Noman Cadoret ; un jeune étudiant en photographie ; s’est exprimé sur son droit de vote aux élections présidentielles en 2017 : « Je n’irai pas voter. Vue la configuration de ce second tour, je ne veux donner du poids ni à l’un ni à l’autre. Il n’est pas légitime d’avoir à choisir entre un ultralibéral et une ultraraciste. Donc je vais passer la journée en famille, ça sera très bien. » L’intervention de cet étudiant semble résumer en quelques lignes la situation à laquelle font face les français depuis plusieurs décennies : voir au second tour deux candidats opposés et qui ne conviennent pas pleinement à la plupart de leurs pensées. C’est la terreur des français que de devoir choisir entre deux candidats qu’ils n’apprécient pas et ce tous les 5 ans. Cela pourrait ainsi être une raison pour laquelle presque un tiers d’entre eux s’abstiennent d’aller au bureau de vote.

Cela questionne d'autant plus la légitimité du président actuel, puisque les 43,61% qu’il a obtenu étaient en majorité des votes prônant à éliminer Marine Le Pen du champ présidentiel. Plusieurs intellectuels et politiciens se sont questionnés sur cette légitimité, dont Edwy Plenel, le président et le co-fondateur du journal MediaPart. Il l’évoque d’ailleurs dans son œuvre Le Président de Trop, publiée en 2011, dans laquelle il condamne le présidentialisme, qui confisque la volonté de tous par le pouvoir d’un seul ; creusant la dépression citoyenne et accroissant la démobilisation électorale.

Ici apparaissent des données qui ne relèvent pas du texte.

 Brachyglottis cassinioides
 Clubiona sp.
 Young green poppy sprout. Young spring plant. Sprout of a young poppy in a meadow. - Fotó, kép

Le militantisme de l'abstentionnisme

Enfin, une raison toute autre à cet abstentionnisme débridé : le militantisme de l’abstentionnisme. Il y a en effet des jeunes engagés, ni Macronistes, ni Lepenistes (dans le cas des élections présidentielles de 2017), qui pratiquent un abstentionnisme militant et qui ne vont pas voter pour que le président ait le moins de légitimité possible. Un problème qui semblerait être traité à l’envers mais qui s'apparente à un véritable combat pour certains français. L’abstentionnisme ne leur apparaît donc plus comme un problème mais bien comme un moyen pour eux de parvenir à leurs fins.